Below are some records. Write out exactly their lines from the one with "You can also" through the one with "We are supposed", and leave the pictures behind.

● ● ● ● ● ● ●

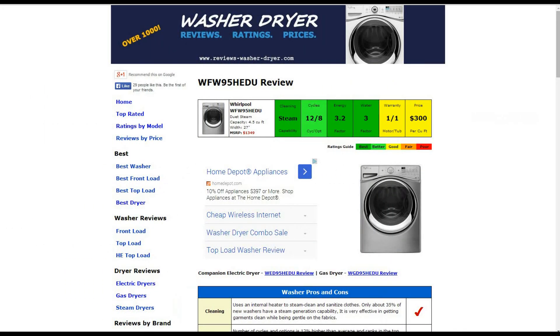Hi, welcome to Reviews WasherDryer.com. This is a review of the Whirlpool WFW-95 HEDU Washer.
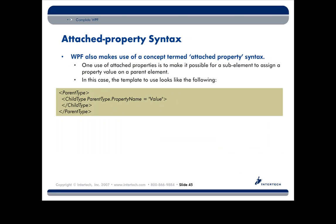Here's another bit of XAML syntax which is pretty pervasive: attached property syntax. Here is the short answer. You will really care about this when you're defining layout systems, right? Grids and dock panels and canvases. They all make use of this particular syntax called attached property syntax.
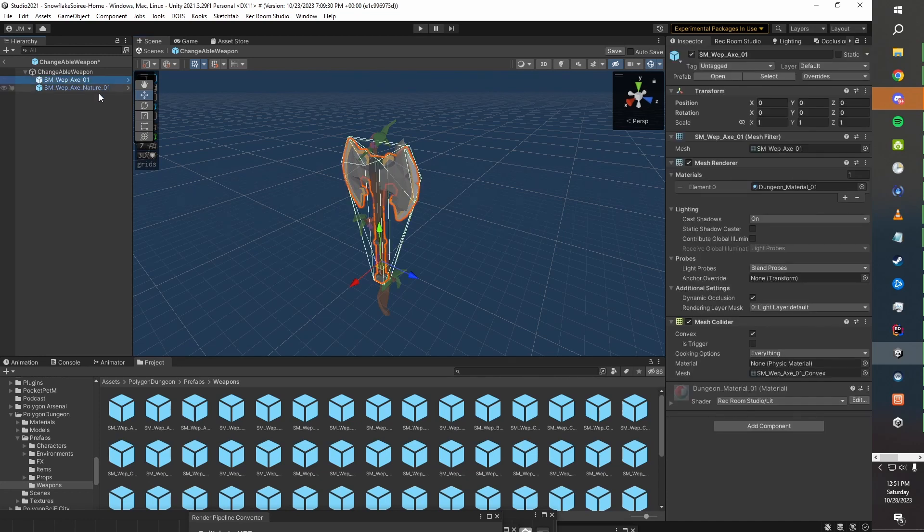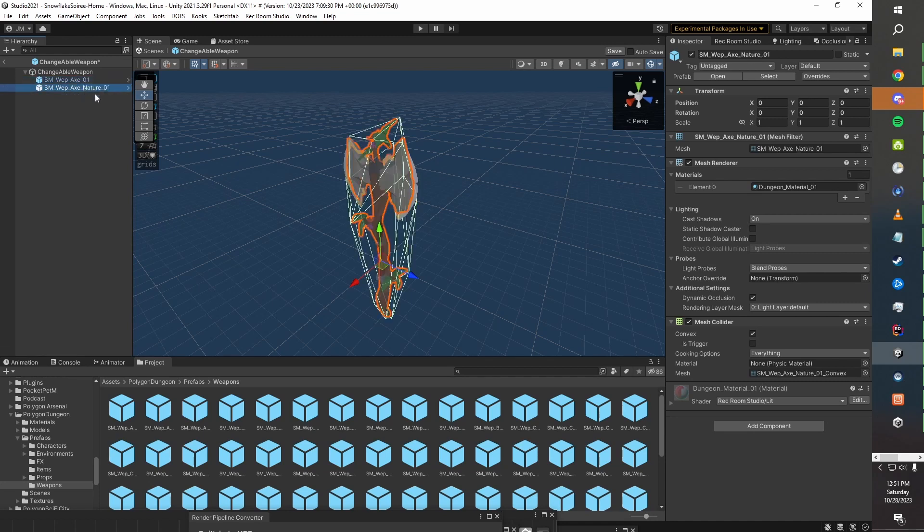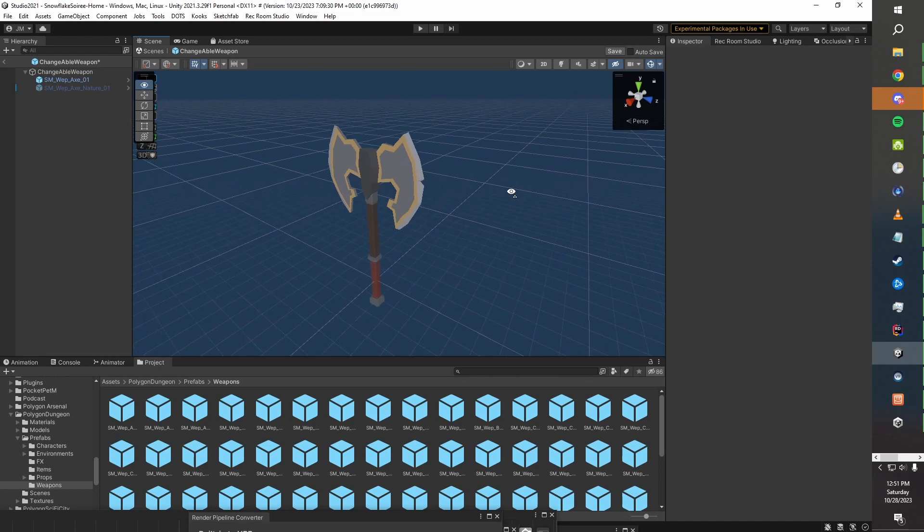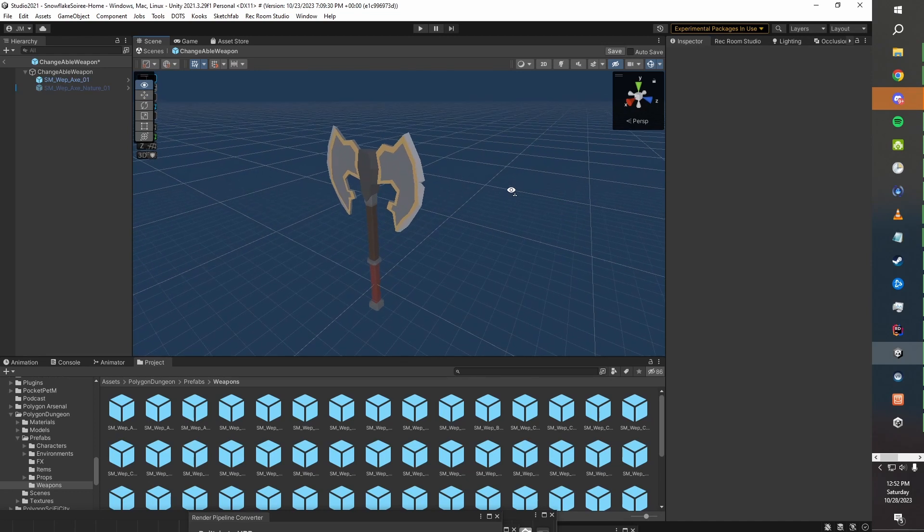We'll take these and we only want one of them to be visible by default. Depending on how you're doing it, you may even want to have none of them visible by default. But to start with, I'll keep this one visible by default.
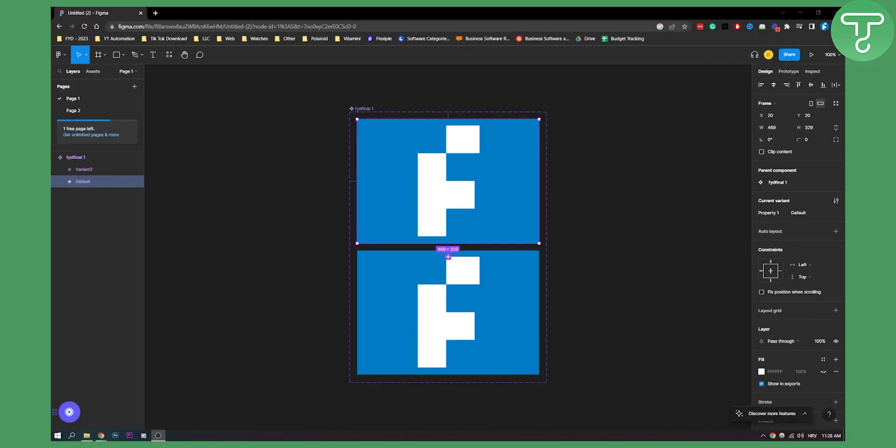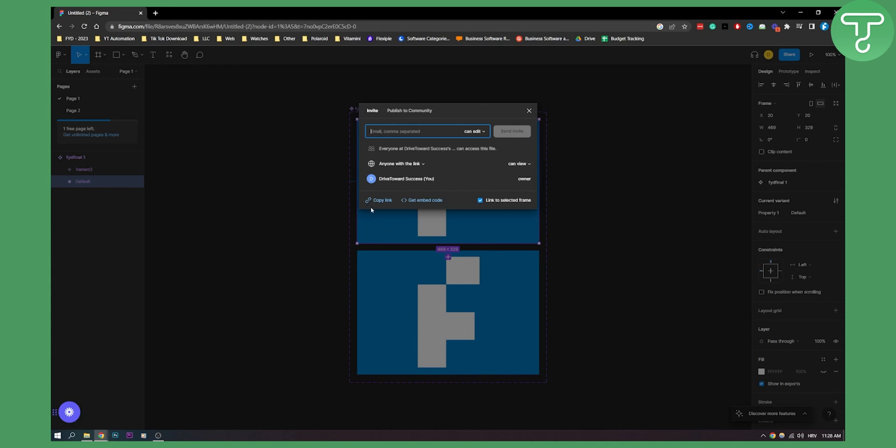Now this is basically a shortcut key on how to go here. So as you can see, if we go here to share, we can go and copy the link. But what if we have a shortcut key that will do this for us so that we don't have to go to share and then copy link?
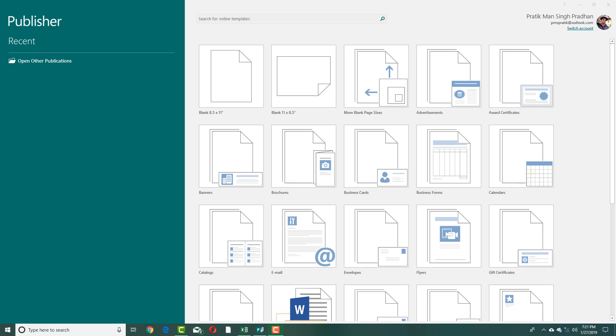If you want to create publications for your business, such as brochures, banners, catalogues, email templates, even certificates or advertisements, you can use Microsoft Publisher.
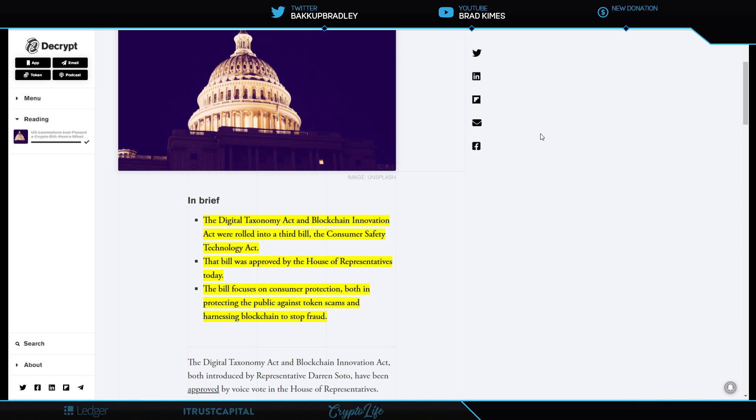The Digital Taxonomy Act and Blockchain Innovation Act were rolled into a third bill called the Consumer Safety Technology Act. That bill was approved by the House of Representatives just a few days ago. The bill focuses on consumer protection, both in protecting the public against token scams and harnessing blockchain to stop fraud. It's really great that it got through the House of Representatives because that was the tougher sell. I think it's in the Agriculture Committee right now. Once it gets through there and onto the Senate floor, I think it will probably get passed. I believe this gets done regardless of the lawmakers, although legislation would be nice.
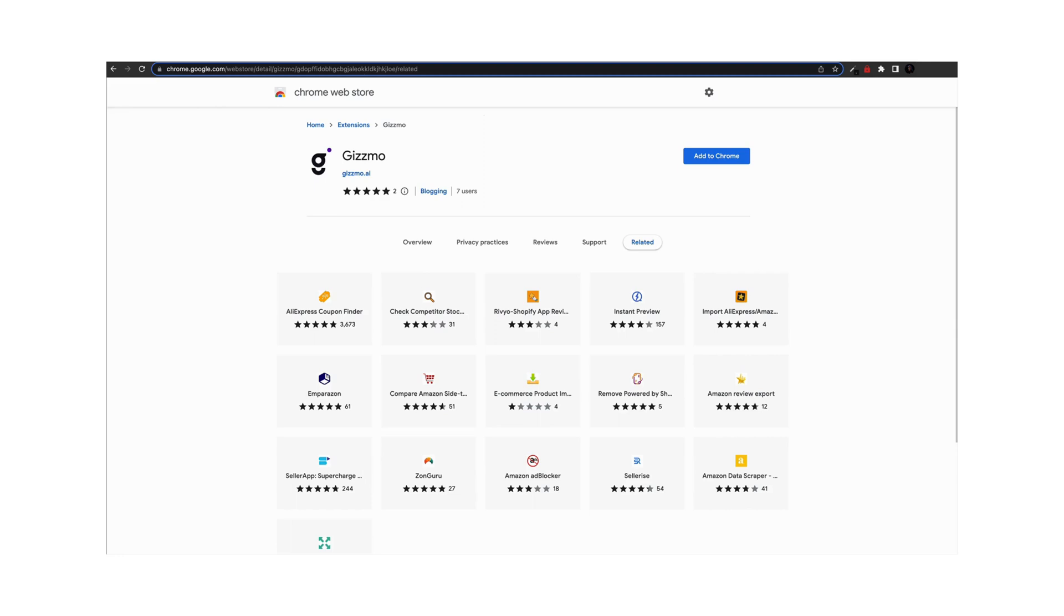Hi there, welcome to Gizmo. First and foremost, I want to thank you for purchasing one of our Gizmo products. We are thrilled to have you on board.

● ● ● ● ● ● ●

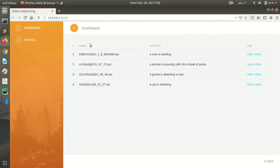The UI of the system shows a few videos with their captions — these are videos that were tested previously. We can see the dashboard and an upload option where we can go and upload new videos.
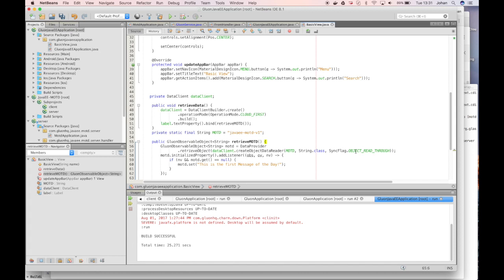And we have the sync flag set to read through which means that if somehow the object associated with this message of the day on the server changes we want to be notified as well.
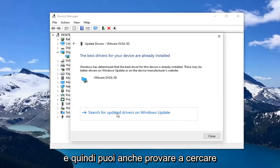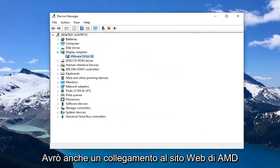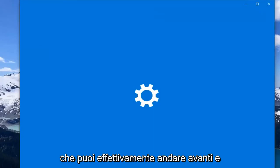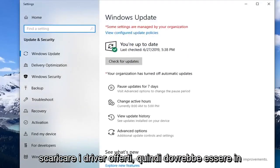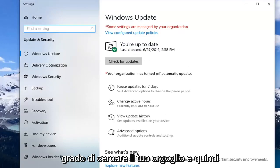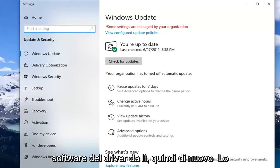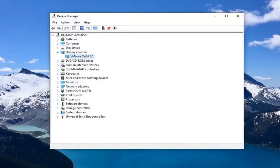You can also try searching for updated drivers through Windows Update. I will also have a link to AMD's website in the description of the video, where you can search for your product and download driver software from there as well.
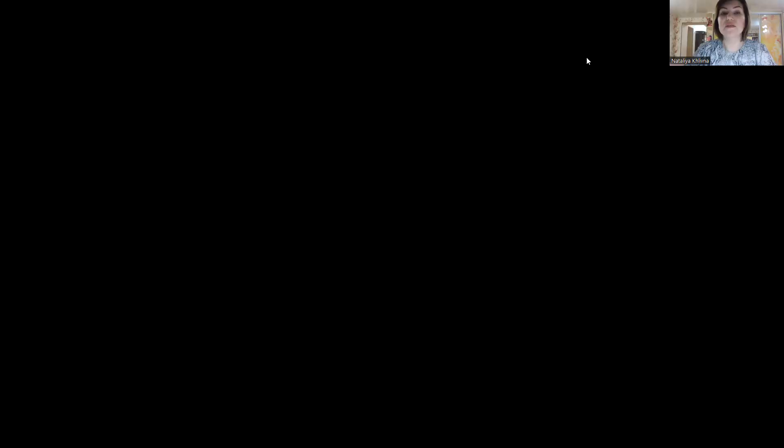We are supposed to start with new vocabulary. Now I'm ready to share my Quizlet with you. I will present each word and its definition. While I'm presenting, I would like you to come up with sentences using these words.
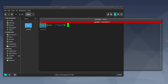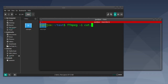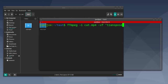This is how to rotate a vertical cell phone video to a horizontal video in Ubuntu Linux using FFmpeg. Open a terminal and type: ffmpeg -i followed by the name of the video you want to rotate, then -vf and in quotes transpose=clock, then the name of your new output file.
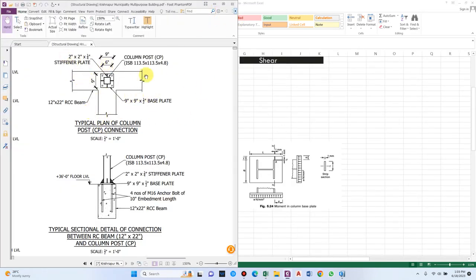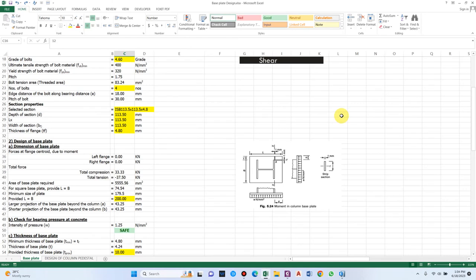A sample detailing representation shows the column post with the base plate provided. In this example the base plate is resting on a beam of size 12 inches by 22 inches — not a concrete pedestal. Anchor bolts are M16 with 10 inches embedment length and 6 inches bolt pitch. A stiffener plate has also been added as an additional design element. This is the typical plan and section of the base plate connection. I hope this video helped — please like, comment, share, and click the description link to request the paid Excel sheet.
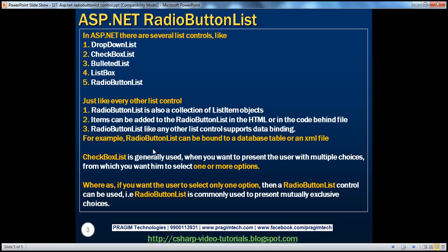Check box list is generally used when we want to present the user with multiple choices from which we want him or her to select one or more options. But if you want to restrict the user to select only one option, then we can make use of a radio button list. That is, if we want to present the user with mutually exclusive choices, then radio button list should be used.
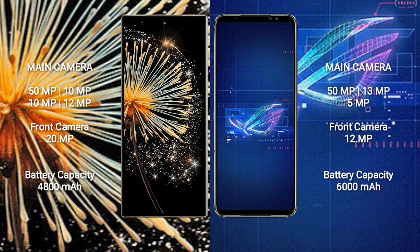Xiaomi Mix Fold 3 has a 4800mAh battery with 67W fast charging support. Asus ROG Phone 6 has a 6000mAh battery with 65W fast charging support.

● ● ● ● ● ● ●

Task result →
You can also try searching for updated drivers through Windows Update. I will also have a link to AMD's website in the description of the video, where you can search for your product and download driver software from there as well.
We are supposed to start with new vocabulary. Now I'm ready to share my Quizlet with you. I will present each word and its definition. While I'm presenting, I would like you to come up with sentences using these words.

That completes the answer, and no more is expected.